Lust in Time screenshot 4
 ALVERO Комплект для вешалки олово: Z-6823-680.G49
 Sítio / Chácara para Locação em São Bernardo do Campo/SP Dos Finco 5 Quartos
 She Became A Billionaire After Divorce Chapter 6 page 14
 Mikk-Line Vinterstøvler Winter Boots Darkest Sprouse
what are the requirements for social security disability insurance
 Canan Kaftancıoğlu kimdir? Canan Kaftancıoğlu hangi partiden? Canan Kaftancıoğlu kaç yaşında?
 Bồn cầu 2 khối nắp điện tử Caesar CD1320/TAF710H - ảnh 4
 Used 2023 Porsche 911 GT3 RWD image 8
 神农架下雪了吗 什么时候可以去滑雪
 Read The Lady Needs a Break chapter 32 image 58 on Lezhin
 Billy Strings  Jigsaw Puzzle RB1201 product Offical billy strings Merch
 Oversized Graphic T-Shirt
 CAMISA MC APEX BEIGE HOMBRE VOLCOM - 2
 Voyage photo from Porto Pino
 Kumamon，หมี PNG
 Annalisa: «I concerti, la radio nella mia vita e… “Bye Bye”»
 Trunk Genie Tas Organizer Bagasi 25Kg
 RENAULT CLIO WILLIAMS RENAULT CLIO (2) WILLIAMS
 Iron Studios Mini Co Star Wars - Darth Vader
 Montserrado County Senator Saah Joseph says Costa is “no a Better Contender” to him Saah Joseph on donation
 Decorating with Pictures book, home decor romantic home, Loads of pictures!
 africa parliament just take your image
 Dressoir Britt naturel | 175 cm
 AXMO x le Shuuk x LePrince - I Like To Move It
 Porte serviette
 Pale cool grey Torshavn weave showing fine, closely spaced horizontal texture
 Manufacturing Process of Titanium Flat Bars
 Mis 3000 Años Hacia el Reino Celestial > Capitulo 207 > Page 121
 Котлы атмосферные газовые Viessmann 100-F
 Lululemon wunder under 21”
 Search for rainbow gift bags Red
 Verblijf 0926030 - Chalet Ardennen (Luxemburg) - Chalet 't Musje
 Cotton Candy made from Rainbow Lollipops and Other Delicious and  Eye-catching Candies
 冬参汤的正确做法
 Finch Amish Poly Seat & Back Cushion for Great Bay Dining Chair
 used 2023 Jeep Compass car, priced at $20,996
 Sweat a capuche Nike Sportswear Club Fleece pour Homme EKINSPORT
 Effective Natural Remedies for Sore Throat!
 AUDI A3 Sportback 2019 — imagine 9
=-=-=
### INSTRUCTIONS FOR THE TASK
Every record, restated word for word, should make up your reply.

### SOLUTION TO THE PROBLEM
Lust in Time screenshot 4
 ALVERO Комплект для вешалки олово: Z-6823-680.G49
 Sítio / Chácara para Locação em São Bernardo do Campo/SP Dos Finco 5 Quartos
 She Became A Billionaire After Divorce Chapter 6 page 14
 Mikk-Line Vinterstøvler Winter Boots Darkest Sprouse
what are the requirements for social security disability insurance
 Canan Kaftancıoğlu kimdir? Canan Kaftancıoğlu hangi partiden? Canan Kaftancıoğlu kaç yaşında?
 Bồn cầu 2 khối nắp điện tử Caesar CD1320/TAF710H - ảnh 4
 Used 2023 Porsche 911 GT3 RWD image 8
 神农架下雪了吗 什么时候可以去滑雪
 Read The Lady Needs a Break chapter 32 image 58 on Lezhin
 Billy Strings  Jigsaw Puzzle RB1201 product Offical billy strings Merch
 Oversized Graphic T-Shirt
 CAMISA MC APEX BEIGE HOMBRE VOLCOM - 2
 Voyage photo from Porto Pino
 Kumamon，หมี PNG
 Annalisa: «I concerti, la radio nella mia vita e… “Bye Bye”»
 Trunk Genie Tas Organizer Bagasi 25Kg
 RENAULT CLIO WILLIAMS RENAULT CLIO (2) WILLIAMS
 Iron Studios Mini Co Star Wars - Darth Vader
 Montserrado County Senator Saah Joseph says Costa is “no a Better Contender” to him Saah Joseph on donation
 Decorating with Pictures book, home decor romantic home, Loads of pictures!
 africa parliament just take your image
 Dressoir Britt naturel | 175 cm
 AXMO x le Shuuk x LePrince - I Like To Move It
 Porte serviette
 Pale cool grey Torshavn weave showing fine, closely spaced horizontal texture
 Manufacturing Process of Titanium Flat Bars
 Mis 3000 Años Hacia el Reino Celestial > Capitulo 207 > Page 121
 Котлы атмосферные газовые Viessmann 100-F
 Lululemon wunder under 21”
 Search for rainbow gift bags Red
 Verblijf 0926030 - Chalet Ardennen (Luxemburg) - Chalet 't Musje
 Cotton Candy made from Rainbow Lollipops and Other Delicious and  Eye-catching Candies
 冬参汤的正确做法
 Finch Amish Poly Seat & Back Cushion for Great Bay Dining Chair
 used 2023 Jeep Compass car, priced at $20,996
 Sweat a capuche Nike Sportswear Club Fleece pour Homme EKINSPORT
 Effective Natural Remedies for Sore Throat!
 AUDI A3 Sportback 2019 — imagine 9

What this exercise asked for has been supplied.